Here is when it finally makes sense about Mondays. I often call off on Mondays. My pain threshold is high, mind you, but I will miss a Monday in a heartbeat because I cannot tolerate the pain. As I sit here typing now, the headache is still about a level seven. I'm grateful it receded back to a headache from a migraine, but still... sick to my stomach because of it. I cannot think of eating or force myself to drink without gagging. What is THAT!  I think about how I must have used too many spoons yesterday as I had an effortless, nearly painless day. And I'm sad, because why would a person have to suffer through hell on a Monday for a peaceful, relaxing day on Sunday? So now, thinking of it I'm in tears... which again flips the script and Now I'm Angry. ANGRY! I have also had a harder time on Thursday mornings getting myself in order to come in. IT makes sense, since Wednesday afternoons were our hectic days at work. I also am completely exhausted come Friday. I used to work longer days and work half days Fridays, if at all... I can barely push through an 8 hour day most days now I will stay 10-11 if I feel good that day, but that's waning too. Again ANGRY!

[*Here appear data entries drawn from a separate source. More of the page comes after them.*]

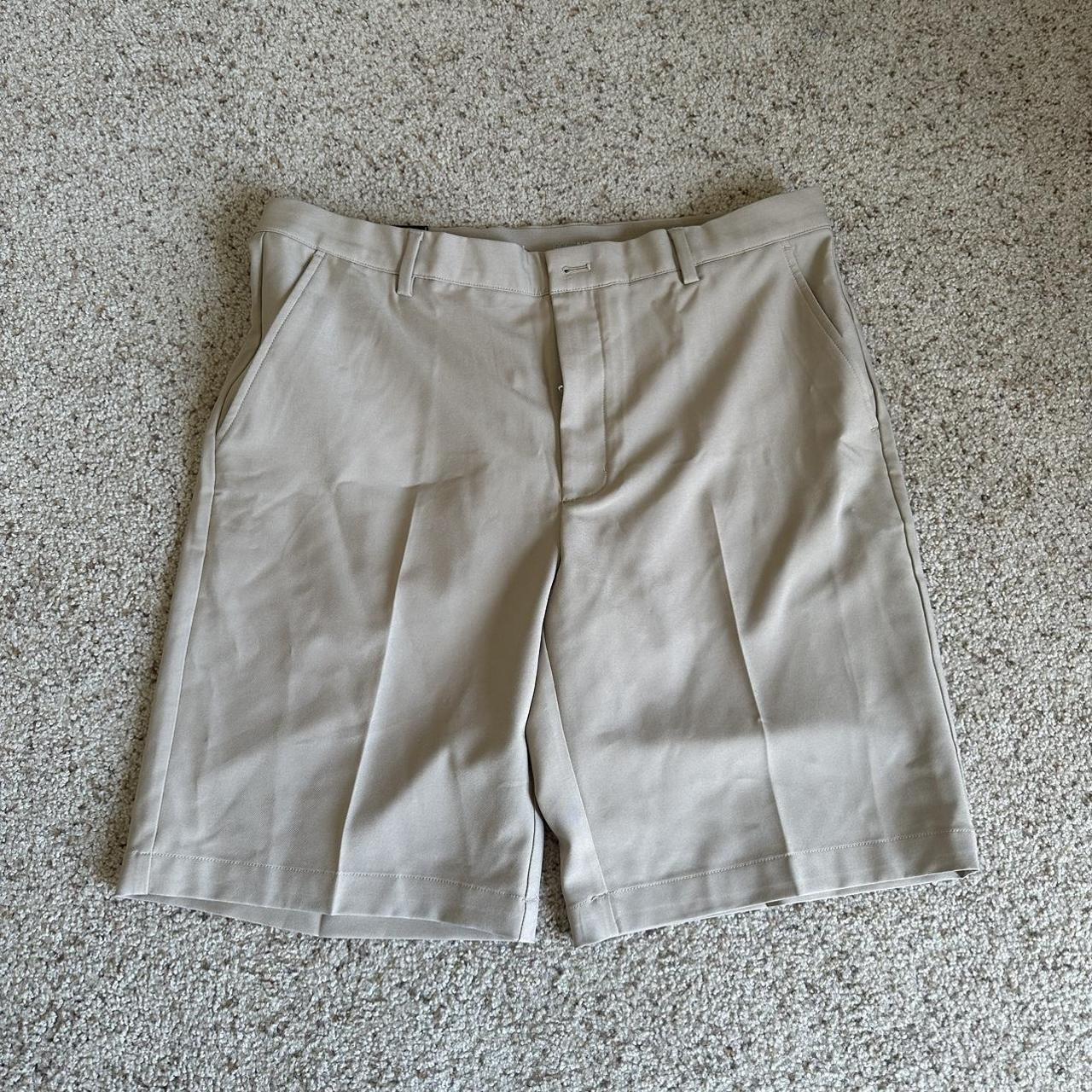 Greg Norman Collection Men's Shorts | Depop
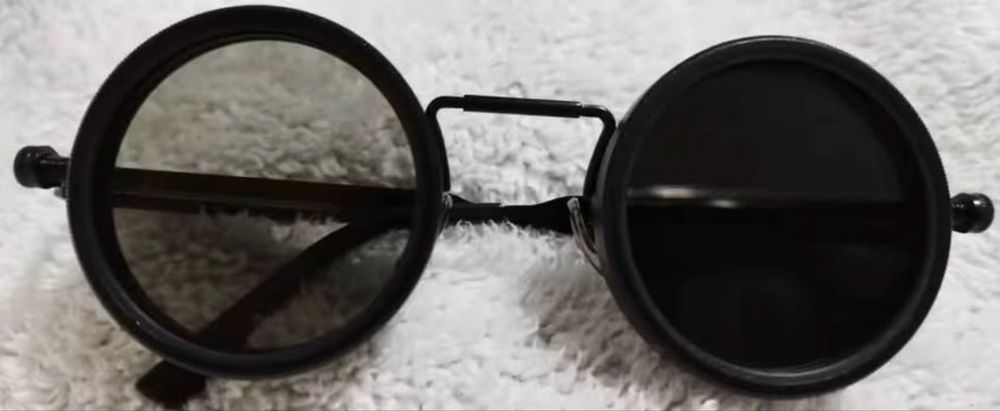 Ochelari de soare cu transparenta reglabila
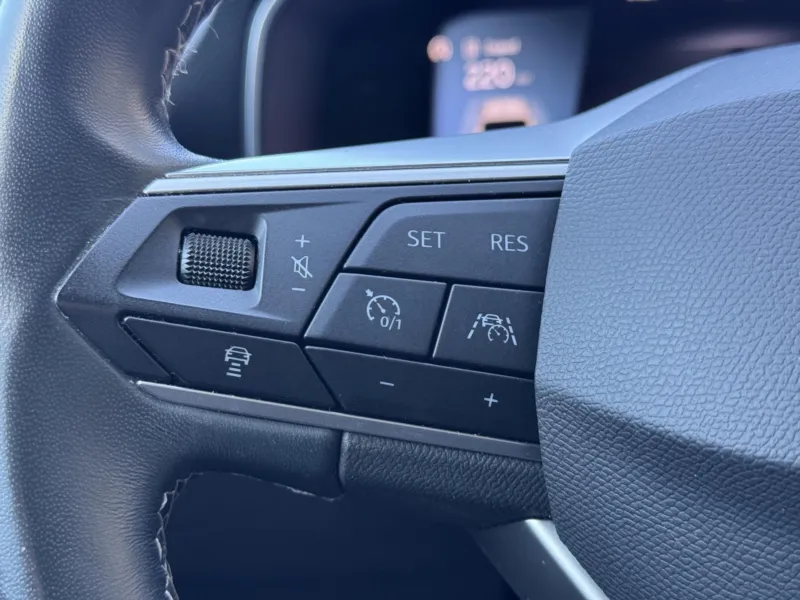 Seat Leon – 1.5eTSi DSG Xcellence DPH 1Maj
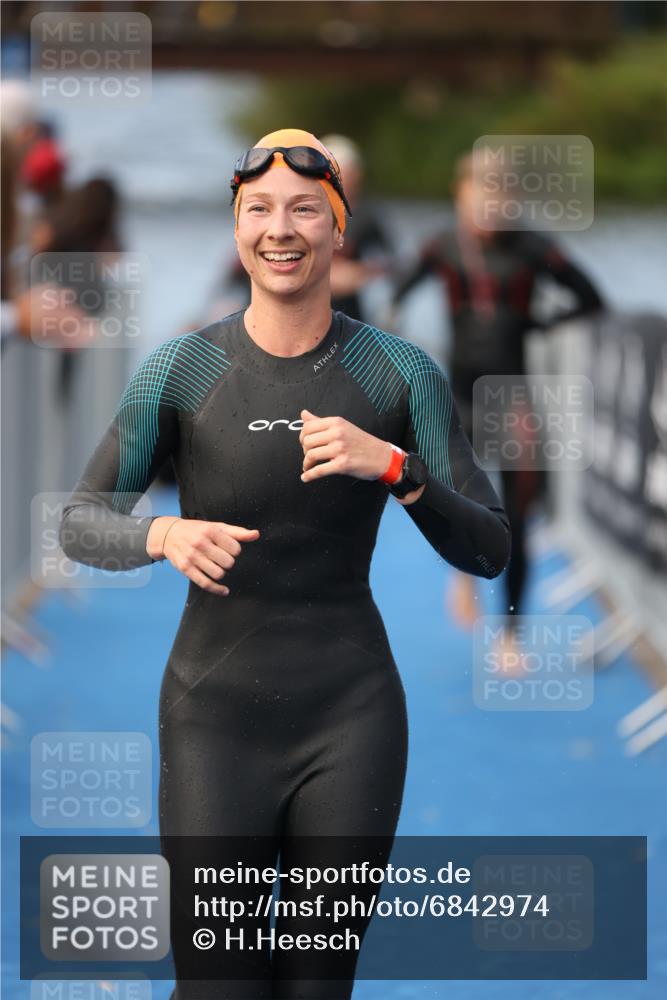 25.08.2024 - Elbe Triathlon Hamburg H.Heesch http://msf.ph/oto/6842974 25.08.2024 08:46:07 Schwimmen 123, 126, 138, 149, 154, 160, 184 meine-sportfotos.de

Most of the time, since the first tap, as these days come; peaks and valleys and such, I have been grateful for the valleys, more than I was upset by the peaks, ... when you get a modicum of relief from time to time, what do you do with it? Cherish all in this life which is precious and rare, even that which seems so mundane and ordinary! Today even my valleys were treacherous. and again, I am pissed off about this disease. My peaks are powerful, but my valleys don't have the same dips they did before. Not okay.

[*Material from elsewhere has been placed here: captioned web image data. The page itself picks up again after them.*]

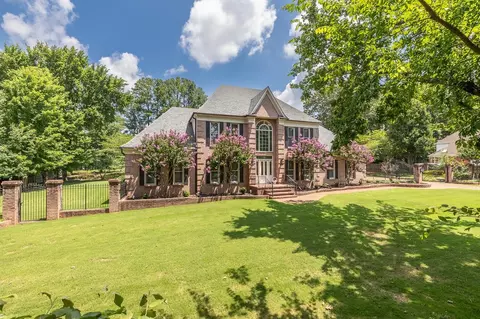 7720 Chapel Ridge Dr, Memphis, TN 38016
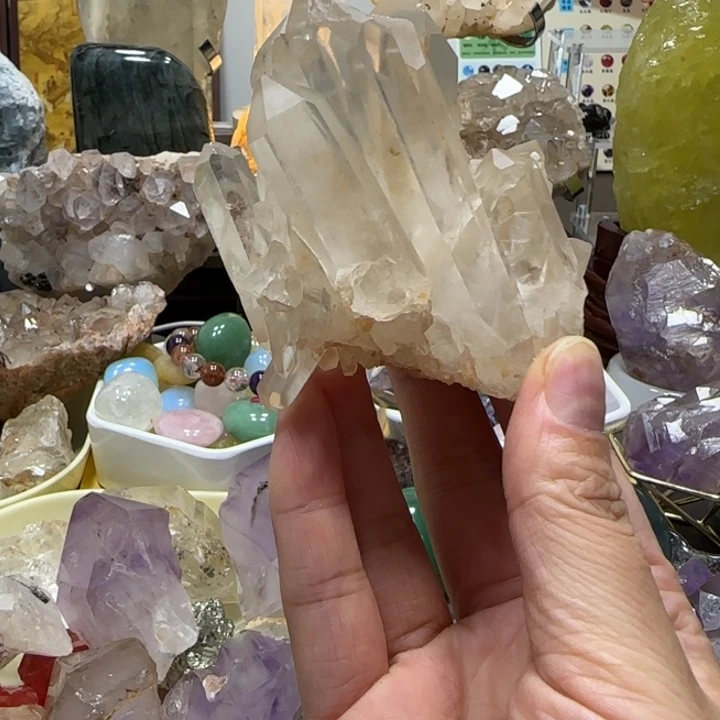 车挂水晶未镶嵌不退换马达加斯加晶簇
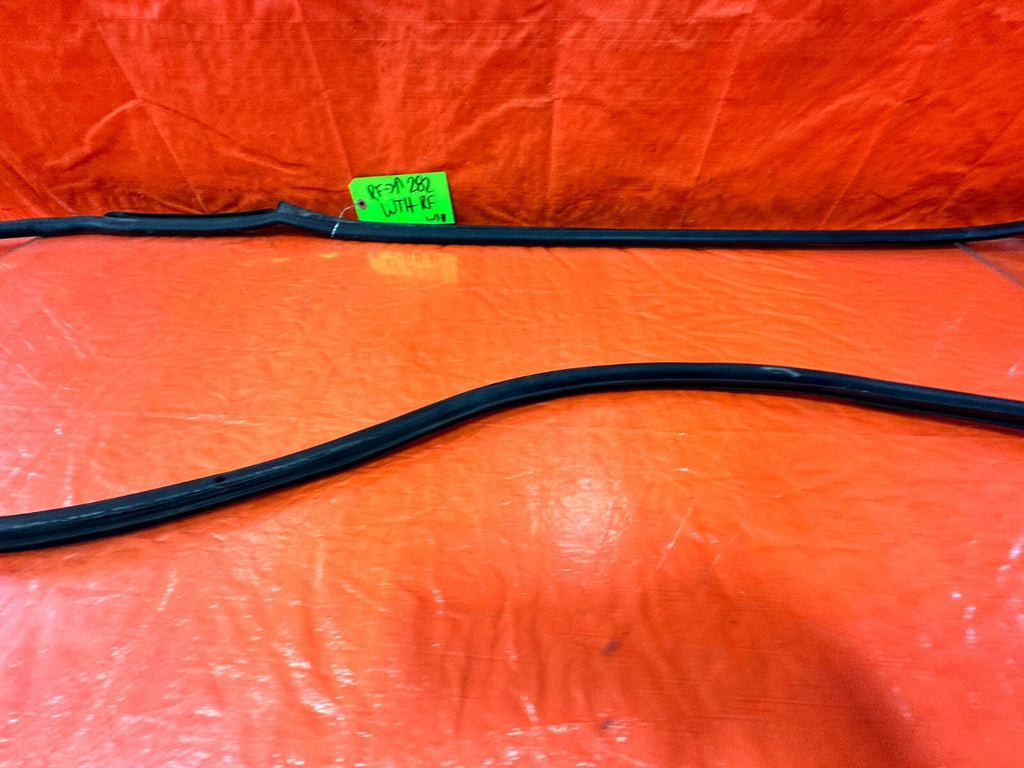 06 11 CIVIC 4D SEDAN   PASSENGER RIGHT FRONT WEATHER STRIP SEAL GASKET OEM #2826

Pseudotumor Cerebri is a filthy thief- and I am sick of sitting by and letting it steal my days and my peace, and my wellness and my memories and my ability to be my best. Along with this my pride in self and my ability to hold my head high and know I am powerful to keep my shit together. Now, My shit's scattered in a mess all over the ever loving floor. FUCK! (again, I'm sorry for the vulgarity, but honestly- keeping it real, I'm becoming NOT sorry! I'm mad as hell!)

My greatest fear in life has always been being helpless and powerless to help or save others. I am realizing today how it feels myself to be powerless to help myself and DAMN it, I am ANGRY.